L’intuizione cosmoteandrica esprime l’unione indissolubile, totalizzante, che costituisce tutta la Realtà; la triplice dimensione della realtà come un tutto: cosmica-divina-umana. L’intuizione cosmoteandrica è “la conoscenza indivisa della totalità”. La proposta di Panikkar è vivere aperti a questo triplice dimensione della realtà, aperti agli altri, al mondo e a Dio, in modo tale da poter giungere alla comunione armoniosa con il tutto: la riconciliazione cosmoteandrica. Si tratta di un’esperienza più mistica e ineffabile che filosofica in senso tradizionale; infrange però tutti gli schemi filosofico-teologici in uso.
La dimensione cosmoteandrica è un altro modo di esprimere la concezione della Trinità radicale della realtà (vedasi più oltre). La struttura triadica e la concezione trinitaria sono in Panikkar non solo nel pensiero ma anche nella metodologia che organizza anche i suoi scritti in strutture triadiche e relativi multipli, come nel caso dei suoi “novenari” (tre volte tre).
Il cosmoteandrismo è un concetto indispensabile per capire il pensiero panikkariano; “ meta e pienezza di ogni religione” (Trinità).
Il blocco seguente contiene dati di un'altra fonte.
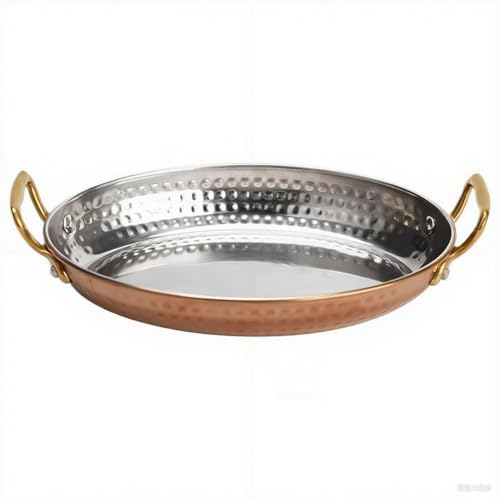 NAUXIU Paellera ovalada española – Plato de langosta de acero inoxidable antiadherente sin revestimiento con doble mango para hogares o restaurantes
La intuizione cosmoteandrica, mistero cosmoteandrico o più esattamente – anche se meno eufonicamente – la realtà teantropocosmica, rende palese che è la relazione ciò che unisce la realtà divina umana e cosmica.
La comprensione di questa visione non può prescindere dalla prospettiva dell’a-dualismo advaita e la relatività radicale (vedasi indietro), e da una nuova innocenza che vada oltre la visione frammentata della realtà propria di noi uomini, per arrivare a quella comprensione e vivenza unitaria della realtà nella quale siamo immersi.
Questa nuova innocenza “si è liberata dall’ansia di perfezione che implica necessariamente di essere migliori degli altri… E’ pura aspirazione… [ Si situa nel] regno della pura grazia (”La nuova innocenza” Sotto il Monte 2005) L’aspirazione all’armonia che “trova posto nella realtà quando siamo in consonanza”; reca con sé buon umore, dolcezza, serenità e pace, che sono “manifestazioni della struttura della realtà”. Non è il sogno ingenuo di voler recuperare il paradiso, ma piuttosto “ la guarigione, nella cultura occidentale moderna, della ferita provocata dall’illuminismo separando l’epistemologia dall’ontologia, facendo della conoscenza la caccia dell’oggetto da parte del soggetto”. Per questo “non prende le mosse dalla dicotomia tra oggetto, cosa oggettiva divisa dall’uomo, e soggetto, mente soggettiva”, non cade nella “concupiscenza della conoscenza oggettiva”, ma piuttosto “unisce in uno stesso atto la conoscenza e il conoscitore, perché sa che l’uno non esiste senza l’altro, “ senza la relazione”. (Ibid).
“Se il messaggio cristiano ha un qualche significato, è questa esperienza della realtà cosmoteandrica di ogni essere, della quale Gesù Cristo, vero Dio e vero Uomo, è il paradigma. In Cristo la materia non sta per proprio conto, l’uomo da una parte e Dio da un’altra; nessuna di queste dimensioni intrinsecamente unite è superiore all’altra, ragion per cui non ha senso affermare che Cristo è più divino che umano, più mondano che celeste, o viceversa. Il velo della separazione è stato strappato e l’integrazione della realtà comincia con la redenzione dell’uomo” (Culto e secolarità in Mito, simbolo e culto, Milano 2008).